This post by Kristen Bauer (True Blood woo hoo) inspired me to write this. Not for the easily upset. YOU HAVE BEEN WARNED.
For the New Suicide Survivor
You’re probably pretty confused right now. Your loved one checked out, offed him/herself, committed suicide (or my personal favorite, COMPLETED suicide, as if it was some fucking goal), ended his/her life, shuffled off this mortal coil, whatever. Trust me, if you’re not engaged in maniacal laughter now, you will be later. You have NO CLUE yet how gruesome your humor can go.
But you will. Oh, yes, you will.
Oh, and that’s normal. Don’t freak out about it.
You’re one of us now. The SURVIVORS.
Welcome to the club. You’re in good company here; the vast majority of us are everyday, average, ordinary people with one deep, dark, burning secret:
One of our loved ones committed suicide.
Oh, I’ve read all the psychobabble PC/happy crappy. We’re supposed to say completed suicide now. Or some other happy-smiley-crap.

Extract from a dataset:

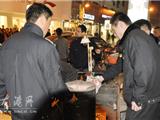 城管交警联合执法 有力打击占道经营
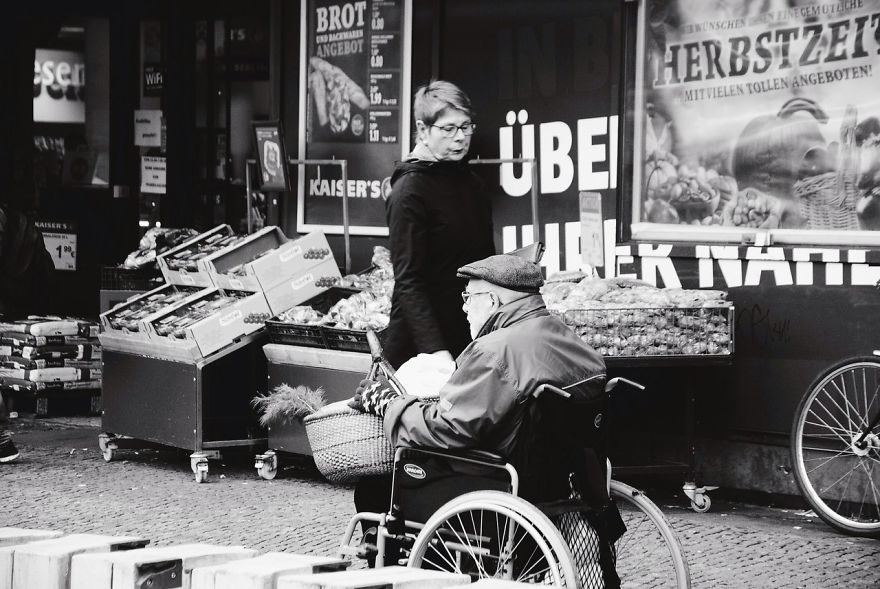 I Travel Across Europe To Take Candid Photos Of Human Loneliness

I call bullshit. Let’s call a spade a spade, you and I. They COMMITTED suicide. They planned it, they waited, and when their particular trigger hit, they did it. They COMMITTED it. It was a rational act, as far as they were concerned. You and I probably disagree.
Were they really rational? Probably not. What person in his/her right mind thinks suicide is rational?
Were they in pain? Obviously. A pain that most of us cannot fathom. Most of us would not take our own lives, no matter what crappy cards life dealt us. Our loved ones did.
So, how do you explain this?
You can’t. Look, I’ve been there/done that/bought the t-shirt. You can second guess yourself to hell and back, and you know what? YOU STILL WON’T KNOW.
Stop saying shoulda/woulda/coulda. You shouldn’t, wouldn’t, couldn’t. You weren’t thinking like they did. You had no idea. Stop blaming yourself. There is not one survivor on the planet that would hesitate to stop a loved one from committing suicide IF THEY HAD KNOWN.
I didn’t. I couldn’t. You didn’t. You couldn’t.
Let me let you in on a little secret: people who plan to end their lives might broadcast it in a general sense, but when they REALLY decide to do it? Yeah, you won’t know.
Know why? They don’t either.
They plot and plan. For months, years maybe (and yes, some are impulsive and just do it, already, but I suspect that is the minority) but ultimately, you will not know what the LAST STRAW is. Nor can you. Because they don’t, either.
Stop freaking blaming yourself. I know it hurts. I know you can shoulda/woulda/coulda yourself into the nuthatch.
It wasn’t you. Did you hear me? IT WAS NOT YOU.
You’re going to be upset, at first, and then righteously freaking angry, and probably a million other things I can’t predict. What I will say is, the best piece of advice I ever got was this: whatever you are feeling is normal. And trust me, there will be days (and nights, especially) where you won’t believe that. But it is. Normal, I mean.
Be as crazy as you want to be. You will certainly not be the first person to think and feel as you do (but you will think you are). You’re fine.
Oh, and those people who tell you you’ll get over it? Fuck them. You’ll NEVER get over it. You’ll get through it, though. You really, really will. I won’t lie to you, it’s going to suck hardcore for a long, long time, but you WILL come out the other side. You’ll get through. But over? No. No, no, no.
Everyone has scars. Ours are just invisible. And they will pop up at the weirdest times and eat at your soul.
This is the price we pay for loving them. And I suspect we pay it willingly. Because we loved them.